The story begins late last year with the erection of a monument to the Ten Commandments on the grounds of Oklahoma’s State Capitol. It was facilitated by the passing of Oklahoma House Bill 1330, the “Ten Commandments Monument Display Act.” A monument was eventually donated by Oklahoma Rep. Mike Ritze (R) (who also led the charge on enacting the legislation) and erected at the capitol.
The move prompted a legal challenge filed by the American Civil Liberties Union earlier this year. “The monument’s placement at the Capitol has created a more divisive and hostile state for many Oklahomans,” said Ryan Kiesel, ACLU of Oklahoma’s executive director. “When the government literally puts one faith on a pedestal, it sends a strong message to Oklahomans of other faiths that they are less than equal.”
The New York-based Satanic Temple picked up on the ACLU’s argument and has launched a campaign aimed at raising funds for a monument of their own. Spokesperson Lucien Greaves has already obtained the paperwork necessary to submit the proposal to the State of Oklahoma.
By accepting our offer, the good people of Oklahoma City will have the opportunity to show that they espouse the basic freedoms spelled out in the Constitution. We imagine that the ACLU will also embrace such a response. Allowing us to donate a monument would show that the Oklahoma City Council does not discriminate, and both the religious and non-religious should be happy with such an outcome. Our mission is to bring people together by finding common sentiments that create solutions that everyone can appreciate and enjoy.

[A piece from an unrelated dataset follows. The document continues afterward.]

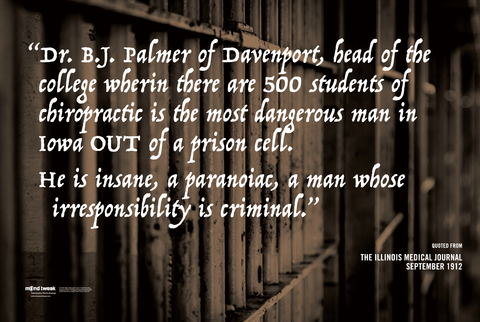 Dr. B.J. Palmer of Davenport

The campaign seeks $20,000 in donations via a flexible funding campaign on Indiegogo, and the campaign has received just over $1,600 at the time of writing. In what may be the least surprising news of the day, this story has some serious legs and has been picked up by news outlets all over the country. Those advocating for the project argue that allowing one religion to be represented on the grounds of a state capitol should mean all can be represented. Those arguing against the move say that the project comes from a New York-based organization with no influence in Oklahoma.
The entire matter could eventually end up in the courts.